VI.3. LA CREAZIONE DELLA FS S.p.A.

Nel 1992, il governo italiano decise di cambiare nuovamente l’assetto istituzionale delle FS: all’Ente Ferrovie dello Stato subentrò la FS s.p.a. , società per azioni di trasporti e servizi; un’azienda autonoma a capitale proprio controllata dallo Stato e potenzialmente accessibile al capitale privato. Tale forma giuridica venne ritenuta la più idonea per accelerare il processo di risanamento gestionale, migliorare la qualità del servizio di trasporto, sviluppare

le infrastrutture.
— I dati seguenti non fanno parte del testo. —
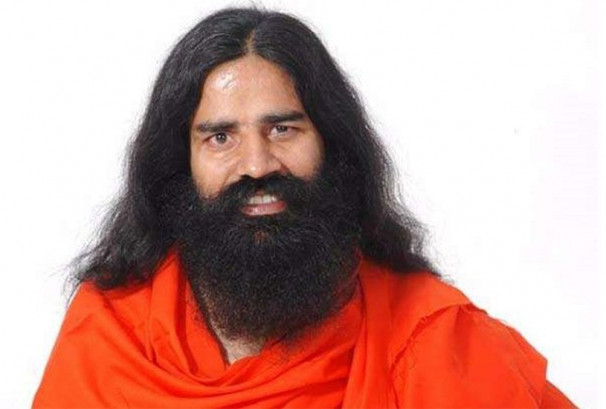 भारतमा बाबा रामदेवको कम्पनीले रोक्यो १४ उत्पादनको बिक्री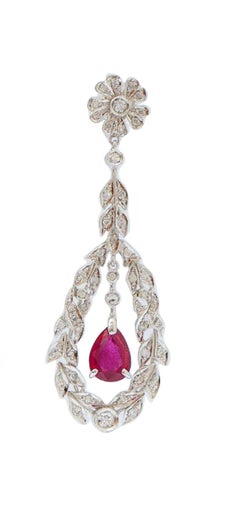 Rubini, diamanti, platino Orecchini.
La FS s.p.a. , infatti, fu resa autonoma nel manovrare le varie leve gestionali, come le decisioni di investimento, le politiche tariffarie e di gestione delle risorse umane ed in grado di poter perseguire l’oggetto sociale, anche mediante la costituzione di società controllate e collegate, nonché attraverso la partecipazione in altre società ritenute utili o indispensabili. Inoltre la trasformazione in s.p.a. vincolò il processo di risanamento ad un preciso programma finalizzato da un lato a ridurre in modo significativo i contributi statali e dall’altro a permettere al vettore ferroviario di competere con gli altri mezzi di trasporto concorrenti.

Alla luce di ciò, per rendere l'azienda ferroviaria più flessibile e rispondente alle esigenze di mercato, vengono create diverse società: T.A.V.

S.p.A., con lo scopo della progettazione e della realizzazione delle linee e delle infrastrutture del sistema ad alta velocità; ITALFERR-SISTAV S.p.A. con la funzione di svolgere, per conto di FS, attività di realizzazione, promozione, commercializzazione, coordinamento e amministrazione di prestazioni specialistiche di ingegneria e tecnologia ferroviaria; la METROPOLIS S.p.A., infine, per lo studio, l'analisi, la promozione e l'attuazione di operazioni indirizzate alla valorizzazione economica e alla diversificazione del patrimonio immobiliare FS133.

Le società controllate sono, invece, la Sorgin s.r.l. per il trasporto di persone tramite autobus, il Gruppo Finmare per il trasporto marittimo;

Italcontainer nel trasporto di container ed infine Cemat S.p.A., nel trasporto bimodale di casse mobili.

Ci troviamo, dunque, davanti non solo ad un processo di trasformazione dell' “involucro” giuridico delle ferrovie, come è avvenuto con la prima riforma, ma soprattutto davanti a una vera e propria metamorfosi della missione dell’azienda ferroviaria: si vuole trasformare un’impresa monomodale in

133 Buratta, op cit. 1996, pp 185 e ss.